Intanto dalla Turchia Erdogan ha paragonato Netanyahu a Hitler. Parole dure. Che effetto potrebbero avere sulla situazione in Medio Oriente?

Quella di Erdogan è una posizione coerente con la sua visione di politica interna ed estera della Turchia imposta dal presidente in particolar modo per quanto riguarda l’influenza a livello regionale. Un linguaggio aggressivo che però non trova una corrispondenza sul piano commerciale perché i rapporti in questo campo tra Istanbul e Tel Aviv proseguono in maniera ininterrotta. Semplicemente avvengono attraverso triangolazioni. Per esempio utilizzando la Grecia come attore di transito dei commerci turchi verso Israele. Quindi un conto è la narrazione utilizzata da Erdogan, un altro è l’atto pratico e la sostanza delle scelte economico-commerciali nei confronti di Israele. Per cui nella sostanza le affermazioni confermano la sua posizione e visione, ma non modificano gli equilibri nei confronti del Medio Oriente”.
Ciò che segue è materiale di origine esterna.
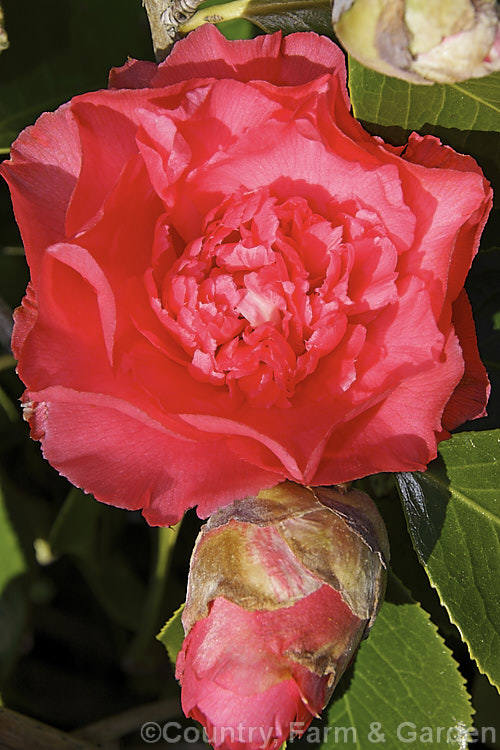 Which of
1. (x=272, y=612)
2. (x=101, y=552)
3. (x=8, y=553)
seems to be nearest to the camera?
(x=272, y=612)

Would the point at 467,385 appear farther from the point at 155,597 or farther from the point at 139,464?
the point at 155,597

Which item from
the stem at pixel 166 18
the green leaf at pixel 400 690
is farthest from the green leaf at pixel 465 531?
the stem at pixel 166 18

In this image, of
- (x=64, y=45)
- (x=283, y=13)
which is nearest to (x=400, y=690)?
(x=283, y=13)

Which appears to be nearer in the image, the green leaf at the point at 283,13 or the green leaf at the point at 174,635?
the green leaf at the point at 283,13

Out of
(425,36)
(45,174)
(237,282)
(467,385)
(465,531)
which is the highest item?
(425,36)

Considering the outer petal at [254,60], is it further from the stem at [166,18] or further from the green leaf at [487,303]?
the green leaf at [487,303] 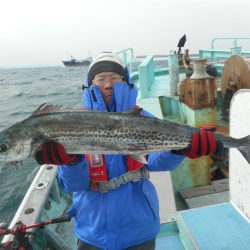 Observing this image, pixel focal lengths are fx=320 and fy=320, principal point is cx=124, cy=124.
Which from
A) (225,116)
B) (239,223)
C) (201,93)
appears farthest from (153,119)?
(225,116)

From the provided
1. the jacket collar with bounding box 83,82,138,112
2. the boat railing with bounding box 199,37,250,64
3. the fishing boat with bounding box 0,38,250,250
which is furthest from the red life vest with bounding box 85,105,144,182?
the boat railing with bounding box 199,37,250,64

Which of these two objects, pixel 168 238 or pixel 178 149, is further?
pixel 168 238

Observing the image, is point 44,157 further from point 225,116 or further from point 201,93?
point 225,116

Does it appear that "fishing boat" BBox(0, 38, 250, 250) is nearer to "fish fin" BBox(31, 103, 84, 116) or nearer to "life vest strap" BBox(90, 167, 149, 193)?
"life vest strap" BBox(90, 167, 149, 193)

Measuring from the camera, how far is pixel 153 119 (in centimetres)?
235

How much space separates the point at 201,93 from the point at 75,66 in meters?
102

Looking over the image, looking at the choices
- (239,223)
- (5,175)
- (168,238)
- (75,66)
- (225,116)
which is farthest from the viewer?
(75,66)

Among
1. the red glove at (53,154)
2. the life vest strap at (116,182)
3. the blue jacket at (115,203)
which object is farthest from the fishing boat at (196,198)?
the red glove at (53,154)

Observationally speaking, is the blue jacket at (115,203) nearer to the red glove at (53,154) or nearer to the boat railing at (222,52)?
the red glove at (53,154)

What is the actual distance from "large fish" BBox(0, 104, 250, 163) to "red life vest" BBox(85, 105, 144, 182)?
16 cm

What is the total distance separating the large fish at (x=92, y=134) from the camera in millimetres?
2242

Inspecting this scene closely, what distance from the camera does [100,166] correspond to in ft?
8.00

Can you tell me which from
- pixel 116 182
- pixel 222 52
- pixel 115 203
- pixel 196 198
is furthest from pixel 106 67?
pixel 222 52

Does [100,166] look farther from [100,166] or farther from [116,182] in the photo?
[116,182] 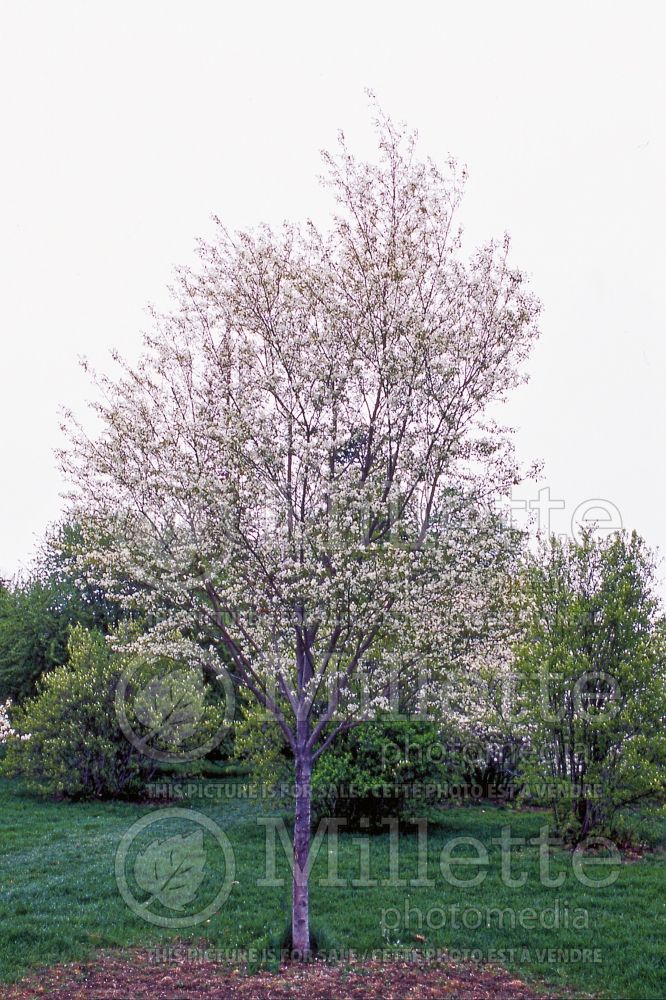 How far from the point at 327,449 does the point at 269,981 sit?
5.13m

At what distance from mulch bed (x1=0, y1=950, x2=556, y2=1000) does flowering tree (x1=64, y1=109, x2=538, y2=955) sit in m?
0.68

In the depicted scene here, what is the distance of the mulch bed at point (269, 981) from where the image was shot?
710cm

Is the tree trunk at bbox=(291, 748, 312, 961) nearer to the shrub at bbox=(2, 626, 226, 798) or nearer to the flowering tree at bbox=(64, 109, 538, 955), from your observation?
the flowering tree at bbox=(64, 109, 538, 955)

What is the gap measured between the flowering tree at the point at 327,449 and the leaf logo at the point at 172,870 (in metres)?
3.15

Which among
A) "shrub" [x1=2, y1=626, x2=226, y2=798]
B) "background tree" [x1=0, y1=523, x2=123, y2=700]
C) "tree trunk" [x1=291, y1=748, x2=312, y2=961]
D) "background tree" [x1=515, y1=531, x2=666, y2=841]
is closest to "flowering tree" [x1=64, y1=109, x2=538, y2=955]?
"tree trunk" [x1=291, y1=748, x2=312, y2=961]

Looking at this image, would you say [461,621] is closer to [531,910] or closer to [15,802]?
[531,910]

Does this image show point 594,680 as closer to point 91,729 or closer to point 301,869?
point 301,869

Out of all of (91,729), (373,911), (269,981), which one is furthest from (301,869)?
(91,729)

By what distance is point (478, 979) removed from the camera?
24.9ft

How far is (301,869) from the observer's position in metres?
8.09

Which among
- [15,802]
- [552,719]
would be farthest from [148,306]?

Gli Stati Uniti hanno detto di essere pronti a scendere in campo al fianco di Israele in caso di una guerra. Siamo vicini ad un nuovo conflitto più ampio di quello attuale?

Gli Stati Uniti hanno confermato un fatto consolidato dal punto di vista storico: il sostegno indiscusso e incondizionato nei confronti di Israele, che rimane non soltanto il principale alleato a livello regionale, ma anche quello sul piano in termini di sostegno militare diretto. Una scelta coerente perché dà agli Usa una certezza di un Paese amico e di una zona sicura dalla quale eventualmente intervenire a livello regionale. Quindi nel caso dovesse concretizzarsi l’ipotesi di un conflitto tra Israele e Hezbollah, Washington sosterrebbero Israele. Lo scenario di una guerra è verosimile. L’opzione militare è concreta per quanto dal punto di vista diplomatico ci siano molte ritrosie e una posizione ferma sulla necessità di limitare questa ipotesi. Nessuno vuole un conflitto. E’ l’Iran che spinge su Hezbollah per aprire un nuovo fronte che vede coinvolto e impegnato Israele dovendo così disperdere le forze su diversi fronti. Quindi dietro a tutto questo dobbiamo guardare alla capacità di influenza e di sostegno iraniana e al tempo stesso quanto Tel Aviv è in grado di sostenere la situazione senza lasciarsi trascinare in una guerra che non vuole”.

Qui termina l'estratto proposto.